7. The fly robot according to claim 4, further comprising rollers arranged on the fence and rolling along the fence frame.

8. The fly robot according to claim 4, further comprising a fence rocker positioned on the fence frame to restrict the movement of the fence.

9. The fly robot according to claim 1, further comprising a hood positioned inside the frame and extending along the longitudinal direction of the frame, with ventilation openings formed therein.

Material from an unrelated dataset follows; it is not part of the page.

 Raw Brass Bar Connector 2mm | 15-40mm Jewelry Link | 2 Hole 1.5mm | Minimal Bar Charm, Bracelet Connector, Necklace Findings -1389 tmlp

10. A display including a touchscreen; A router that receives signals transmitted from external devices; and The fly robot according to claim 1, further comprising a PLC that communicates with the router and the display.

11. The fly robot according to claim 10, wherein the router and PLC are spaced apart above the frame.

12. The frying robot according to claim 1, further comprising a cooking utensil guide bracket positioned to protrude upward from the lower frame of the frame, on which the cooking utensil is hung.

13. At least one flyer arranged in the frame, The frying robot according to claim 1, comprising a cooking utensil housing body positioned next to the fryer and having a seating portion into which the cooking utensil is inserted and seated.

14. A pair of the aforementioned cooking utensil housing bodies is provided. The frying robot according to claim 13, wherein a pair of cooking utensil housing bodies are arranged spaced apart with at least one fryer in between.